טכניון מכון טכנולוגי לישראל
הטכניון מכון טכנולוגי לישראל - בית הספר ללימודי מוסמכים  
Ph.D Thesis
Ph.D StudentBahar Gal
SubjectDesigning for Efficient Social Learning
DepartmentDepartment of Industrial Engineering and Management
Supervisors Professor Rann Smorodinsky
Professor Moshe Tennenholtz
Full Thesis textFull thesis text - English Version


Abstract

In the on-line Explore & Exploit literature, central to Machine Learning, a mediator is faced with a set of alternatives, each yielding some unknown reward. The mediator's goal is to learn the optimal alternative as soon as possible, via experimentation. A typical assumption in this model is that the mediator has full control over the experiment design and implementation. When experiments are implemented by a society of self-motivated agents the mediator can only recommend experimentation but has no power to enforce it.


There is an inherent conflict between the mediator and the agents. The mediator is far sighted and would like agents to experiment with unfamiliar arms even if they are a-priori inferior. Agents, on the other hand, are myopic and want to pull the arm that maximizes the payoff in the given round. Thus, when a mediator recommends which arm to choose he must account for the fact that his recommendation will not be adopted.  In my thesis I analyze optimal protocols for the mediator that account for the conflict of interest and the incentives of the agents.


 Kremer et al. [2014] are the first to introduce such a model. They study a basic setting in which agents are completely isolated and cannot observe each other. They identify a protocol that is incentive compatible for the agents but is also asymptotically optimal. For the mediator in the sense that the mediator can steer the agents towards the optimal arm.


We extend Kremer et al. [2014] by adding a layer of a social network according to which agents can observe each other.
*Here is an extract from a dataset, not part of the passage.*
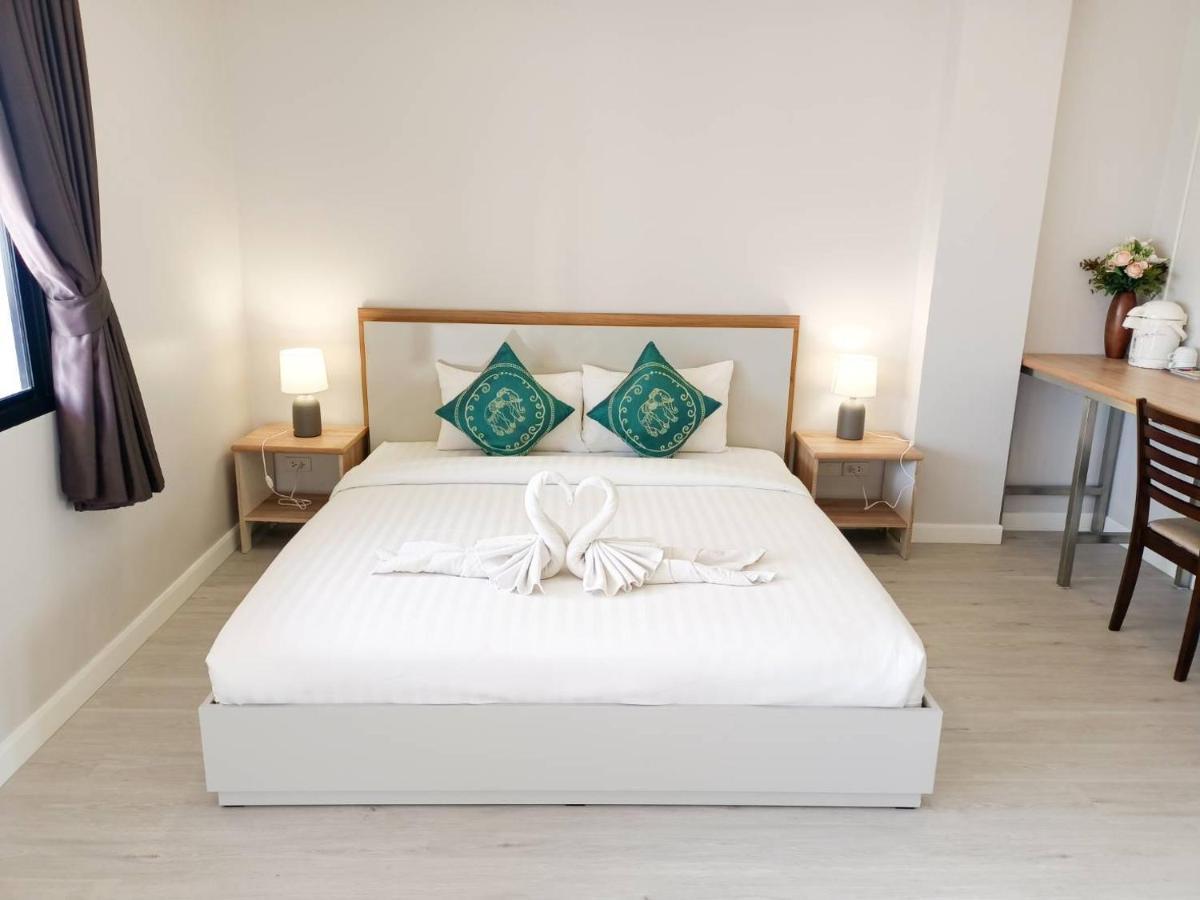 Prinz Garden 3* Hua Hin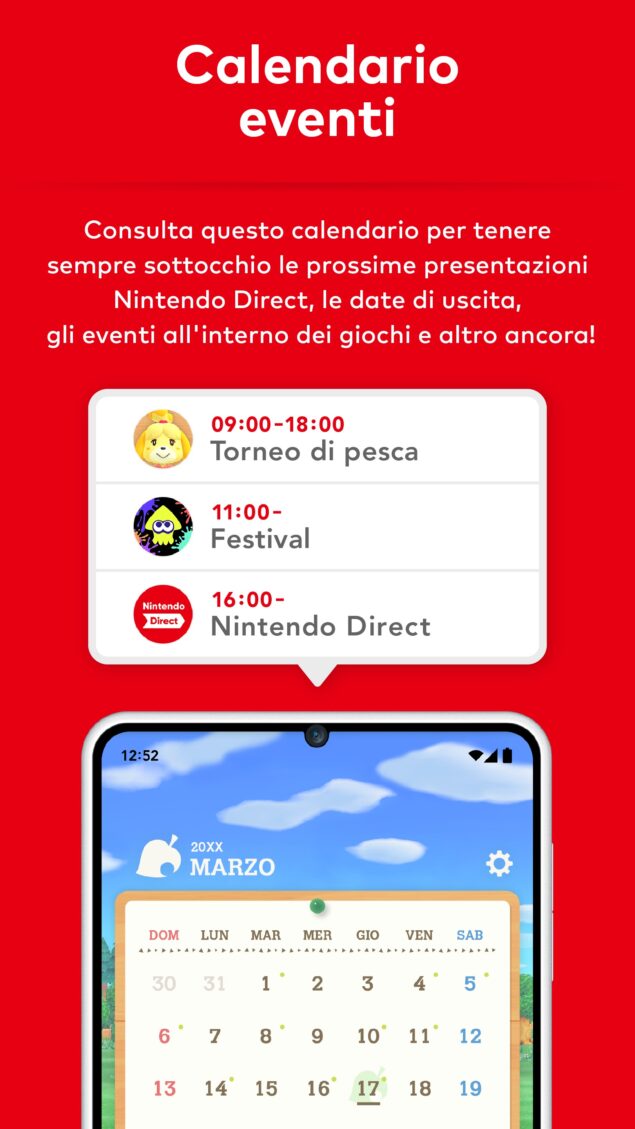 nintendo today!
For our first main result I assume agents can only observe each other’s’ action (and not the reward). I provide a characterization of the social network structure, in terms of a bound on how many other agents can each agent observe, for which an incentive-compatible asymptotically optimal protocol exists. I, furthermore, construct such a protocol when it exists.


Next, I consider a model where agents observe not only each other’s actions but also the rewards as well. Observing rewards complicates the challenge and so I study a specific setting where agents arrive sequentially and must pull one of two arms in order to receive a reward - a risky arm and a safe arm. In addition, each agent only observes his immediate predecessor. Once again, I provide the mediator with a recommendation algorithm that is incentive compatible and facilitates social learning.


Third, instead of considering the power of a mediator recommending agents that are connected by a social graph, we give the mediator the power to influence the connectivity of the social graph. In this part the central question we pose is whether there is a natural social graph that prevents the information cascade phenomenon. We introduce the `celebrities graph' and prove that indeed it allows for proper information aggregation in large populations even when the order at which agents decide is random and even when different issues are decided in different orders.